It has been a long and busy third term both parents and children alike. My little Grade 1 girl is exhausted from the countless tasks and assessments that they through this term, and the end of term concert rehearsals is no fun anymore as they are somehow being tasked to do much more than their little bodies can carry through.

Perhaps, I am subjective in my view, but many parents will understand the stresses that come with mainstream education. By far, being an educator myself, I am more critical of the system and the vicious amount of content that the syllabus demands from all stakeholders (parents, children and educators).

Of late, I stopped to question exactly what we are offering our little ones? Are they driven by just ratings and scores that are reflected on a report card at the end of the term, or are we really nurturing the innate being within them?
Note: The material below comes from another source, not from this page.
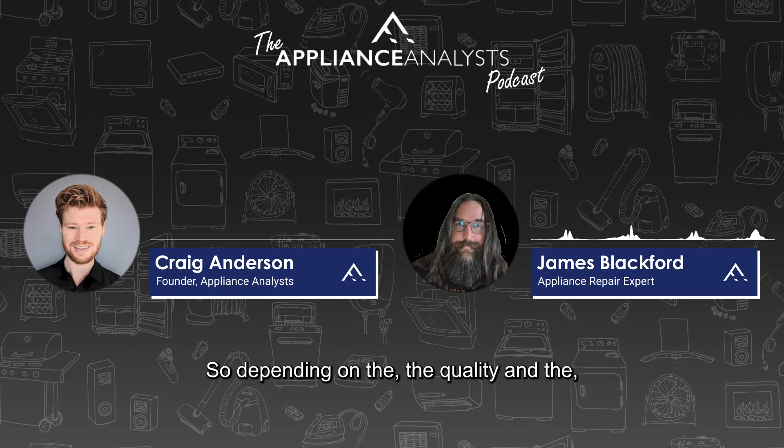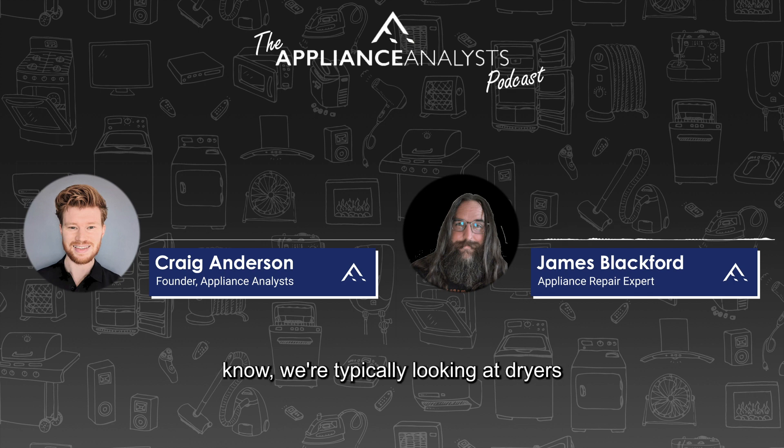Depending on the quality and price range of the dryer, that's going to determine the features it has. At the very low end of the spectrum, we're typically looking at dryers that still have a mechanical timer — no electronic boards. Some timer dryers do have a moisture sensor for an automatic or sensor dry, but most timer dryers use basically a temperature sensor to detect if the clothes are dry.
I come back to the beginning, sigh, and then proceed with caution and care, as ultimately, we as parents, have the power to feed our children with the correct energy and drive. Our focus is what will allow them to grow and our positive energy that rubs off on them will build their spirit.
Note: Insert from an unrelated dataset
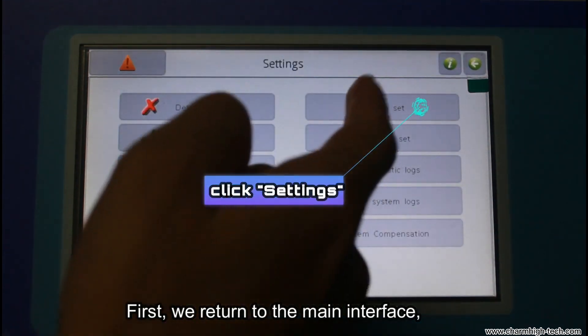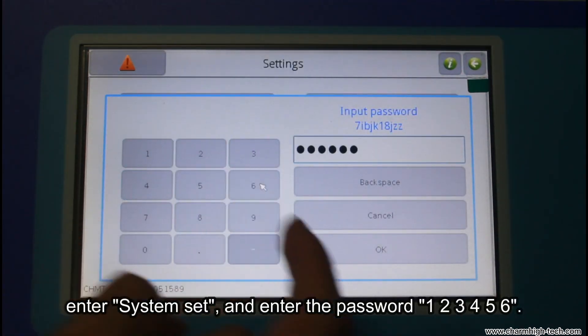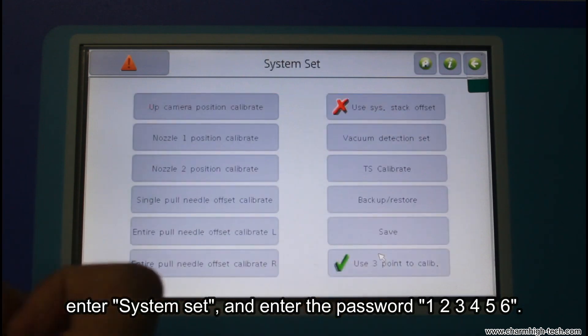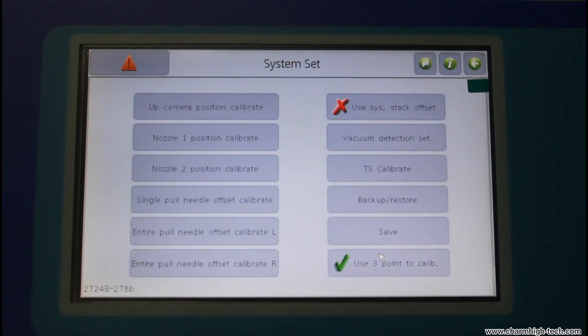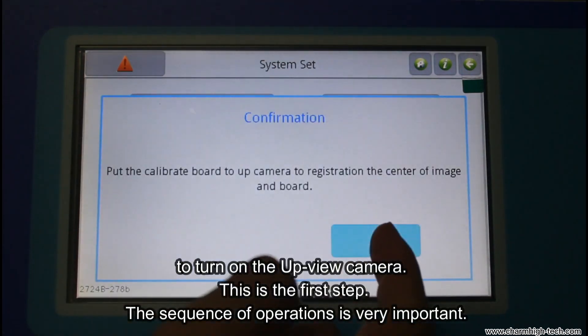First, we return to the main interface. Enter system settings and enter the password 123456 to turn on the up-view camera. This is the first step.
Hence, my sole purpose during the forthcoming short break between school terms is to reconnect with my girls. During busy school days we get caught up with just getting-by the duties of the day, rest (albeit sometimes insufficiently) and then up again for the next call to duty. Life is certainly not meant to be that way. I protest against any such methodology where children are forced to grow up too soon.I am grateful for the profession that I serve in, as an educator I have a bit more flexibility than those mums and dads who are in the 8am to 4pm working world (though educators do clock in hours and hours of preparation when lights are shut and all are in bed). I am also grateful to have had eight years at home to just be a parent and not juggle work and home life. With this experience, I value parenting even more.

I am very much in tune with the love languages of my little ones and can identify exactly what makes them feel loved. My eldest loves quality times spent with her, even if it is just reading a book together, or perhaps playing a board game. Time spent with her is what makes her thrive, when she feels love and appreciated. Whereas my little girl perhaps also shares the same love language and often requests that I stop what I am doing, and just sit
next to her for a bit. There is no harm in slowing down our pace, actually the benefits of doing just that outweighs the risk of
burn-out.

So, this holiday, take time out to just be with your child. If you can afford a few
days off on leave from work, then do not hesitate to take it and enjoy late mornings and late evenings with your children. Break the routine. Whether it is arranging play dates at home, talking walks along the beach, or picnics in the backyard, use this break to enjoy your children. Allow them to be free-spirited, let them feel the breeze sweep against their skin as they run and play outdoors.

This break is essential to recharge and release that energy of just being children. Parents, enjoy this time, allowing your child the freedom of being a child.